Monday, 28 May 2012

To read the introduction or not to read the introduction - that's not really the question

At least for me. Not anymore. Not after so many stories have been spoilt for me by an expert trying to introduce me into a classic or a novel that was the recipient of an esteemed prize and therefore "deserves" an introduction.

I know, they mean well. For a student who does not want to read the whole novel and still needs to know what this is all about, that might be a good idea. But I doubt that is the reason why the publisher puts these notes in the book.

They might even think, it's a classic, everyone knows the story already. Not really, there are always new generations, there are people who didn't have to read this particular book in school because the teacher chose another one, there are people who prefer to read the books instead of watching the many film adaptations available nowadays.

How often does the writer of the foreword tell you what happens in the story?

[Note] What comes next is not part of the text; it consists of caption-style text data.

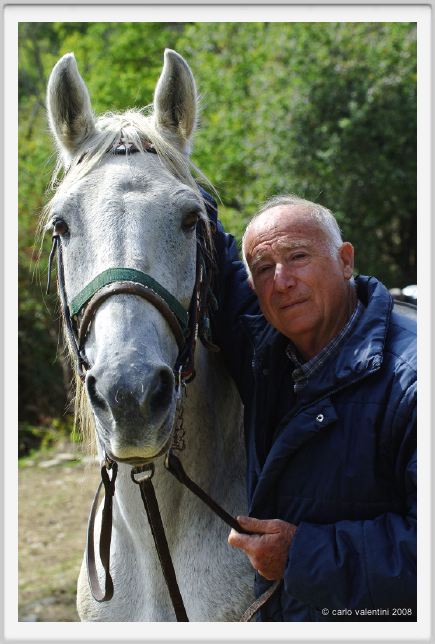 tolfa_cavalieri33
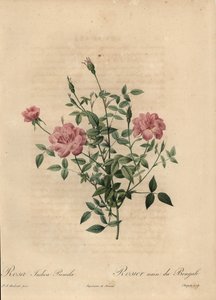 Rose miniature rose de Chine, Rosa chinensis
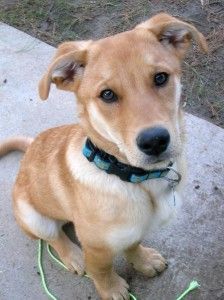 Lab Shepherd Mix :: Like My Ava German Shepherd Mix Puppies, Shepherd Mix Puppies, Boxer Mix Puppies, Lab Mix Puppies, Dog Crossbreeds, Labrador Mix, German Shepherd Mix, Popular Dog Breeds, Labrador Retriever Mix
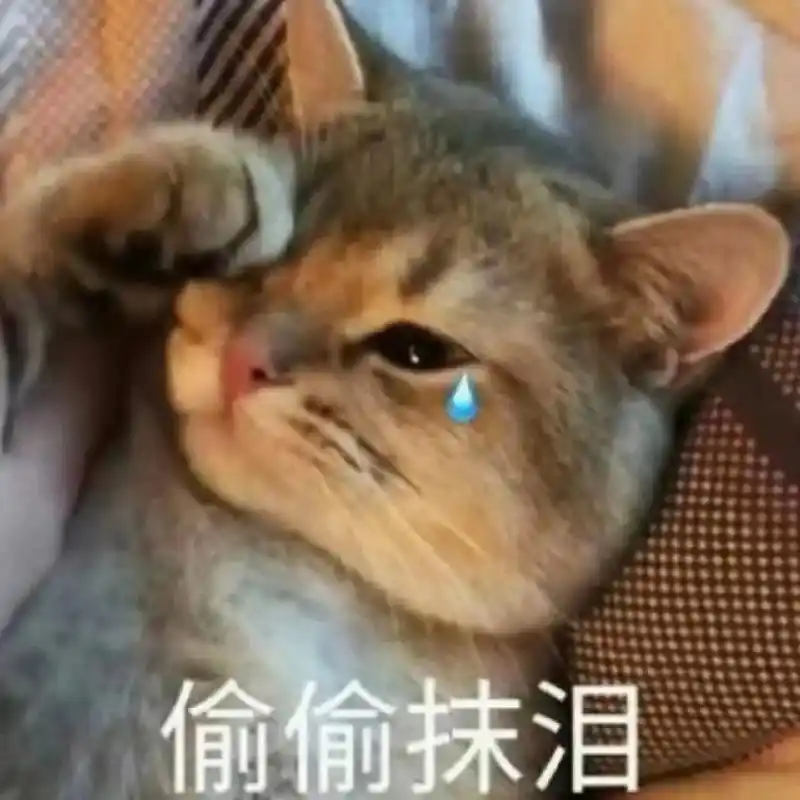 就这样吧,让我偷偷抹泪就好了#表情包 - 抖音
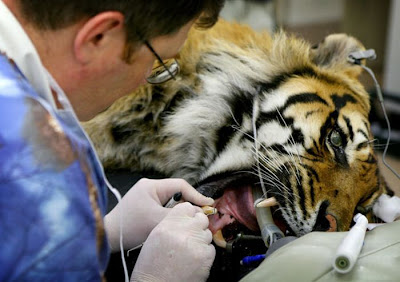 Animals at the Dentist Seen On www.coolpicturegallery.us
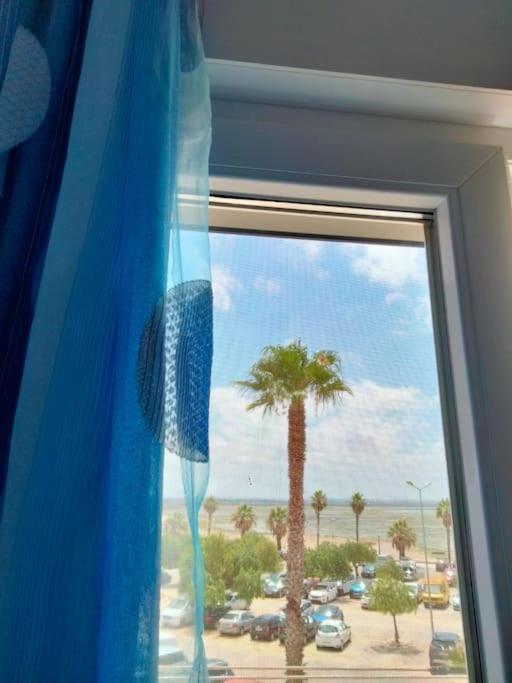 Apartamento Concepcion - Playa De La Cachucha Puerto Real Eksteriør billede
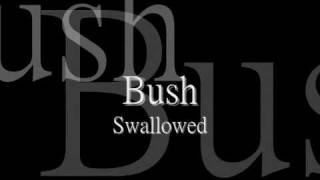 Bush  Swallowed lyric HQ [upl. by Afra]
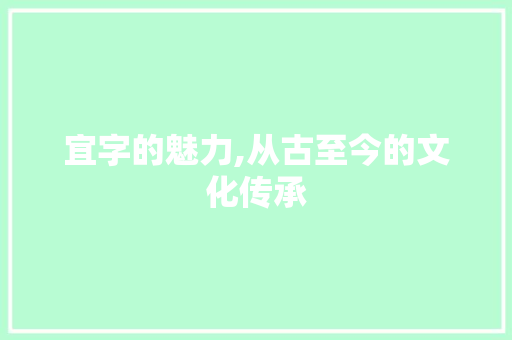 宜字的魅力,从古至今的文化传承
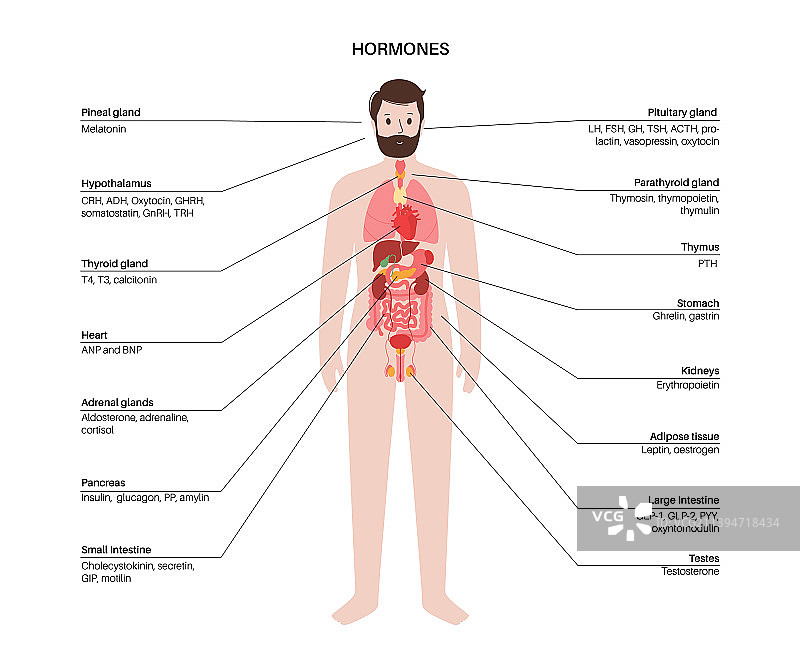 人体内的荷尔蒙图片素材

A major event that you really don't want to know beforehand. Someone gets killed, a huge accident, a fire, a couple breaks up, you name it, they will have named it before you. It's almost as if someone read it for you and you don't even have to bother anymore.

Giving away too much, especially an essential point of the plot, definitely does not have the same effect on you, either. It dampens down the enjoyment of the read.

I asked my friends about this, they all agreed. Most of them skip it if they read the book for the first time, some read it afterwards. Some like to read it beforehand because they like the explanations in the introduction but even they agree that too much is given away.

The same argument goes for the reviews. It's better to read them afterwards, build your own opinion before you hear others agreeing or disagreeing with you.

Morale of the story. Don't read the introduction if you want to enjoy the novel.